[Dataset items]
┌──
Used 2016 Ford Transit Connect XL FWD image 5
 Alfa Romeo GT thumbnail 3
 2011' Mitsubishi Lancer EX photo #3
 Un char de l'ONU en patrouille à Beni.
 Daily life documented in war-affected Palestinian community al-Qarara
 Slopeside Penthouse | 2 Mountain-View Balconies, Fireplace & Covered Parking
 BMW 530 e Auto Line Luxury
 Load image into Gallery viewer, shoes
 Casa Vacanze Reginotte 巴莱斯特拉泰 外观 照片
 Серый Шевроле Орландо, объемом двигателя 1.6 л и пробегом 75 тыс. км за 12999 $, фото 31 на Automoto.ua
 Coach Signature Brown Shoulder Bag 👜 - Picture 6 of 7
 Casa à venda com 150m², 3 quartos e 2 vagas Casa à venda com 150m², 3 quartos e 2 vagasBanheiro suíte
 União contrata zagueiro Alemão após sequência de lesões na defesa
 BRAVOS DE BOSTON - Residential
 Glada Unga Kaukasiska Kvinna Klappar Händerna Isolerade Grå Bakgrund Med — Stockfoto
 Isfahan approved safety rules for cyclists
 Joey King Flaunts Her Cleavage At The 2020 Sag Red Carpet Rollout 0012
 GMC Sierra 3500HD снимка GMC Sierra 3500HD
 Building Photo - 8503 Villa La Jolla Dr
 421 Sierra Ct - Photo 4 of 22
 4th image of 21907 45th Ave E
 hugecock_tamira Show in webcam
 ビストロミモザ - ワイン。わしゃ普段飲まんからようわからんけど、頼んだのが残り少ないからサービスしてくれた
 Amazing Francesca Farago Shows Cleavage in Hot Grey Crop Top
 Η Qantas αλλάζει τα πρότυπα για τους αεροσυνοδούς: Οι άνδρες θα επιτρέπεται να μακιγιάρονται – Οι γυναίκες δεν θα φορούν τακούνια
└──
Activity — Make sure that every entry above is copied out exactly as it stands.

Exercise solution —
Used 2016 Ford Transit Connect XL FWD image 5
 Alfa Romeo GT thumbnail 3
 2011' Mitsubishi Lancer EX photo #3
 Un char de l'ONU en patrouille à Beni.
 Daily life documented in war-affected Palestinian community al-Qarara
 Slopeside Penthouse | 2 Mountain-View Balconies, Fireplace & Covered Parking
 BMW 530 e Auto Line Luxury
 Load image into Gallery viewer, shoes
 Casa Vacanze Reginotte 巴莱斯特拉泰 外观 照片
 Серый Шевроле Орландо, объемом двигателя 1.6 л и пробегом 75 тыс. км за 12999 $, фото 31 на Automoto.ua
 Coach Signature Brown Shoulder Bag 👜 - Picture 6 of 7
 Casa à venda com 150m², 3 quartos e 2 vagas Casa à venda com 150m², 3 quartos e 2 vagasBanheiro suíte
 União contrata zagueiro Alemão após sequência de lesões na defesa
 BRAVOS DE BOSTON - Residential
 Glada Unga Kaukasiska Kvinna Klappar Händerna Isolerade Grå Bakgrund Med — Stockfoto
 Isfahan approved safety rules for cyclists
 Joey King Flaunts Her Cleavage At The 2020 Sag Red Carpet Rollout 0012
 GMC Sierra 3500HD снимка GMC Sierra 3500HD
 Building Photo - 8503 Villa La Jolla Dr
 421 Sierra Ct - Photo 4 of 22
 4th image of 21907 45th Ave E
 hugecock_tamira Show in webcam
 ビストロミモザ - ワイン。わしゃ普段飲まんからようわからんけど、頼んだのが残り少ないからサービスしてくれた
 Amazing Francesca Farago Shows Cleavage in Hot Grey Crop Top
 Η Qantas αλλάζει τα πρότυπα για τους αεροσυνοδούς: Οι άνδρες θα επιτρέπεται να μακιγιάρονται – Οι γυναίκες δεν θα φορούν τακούνια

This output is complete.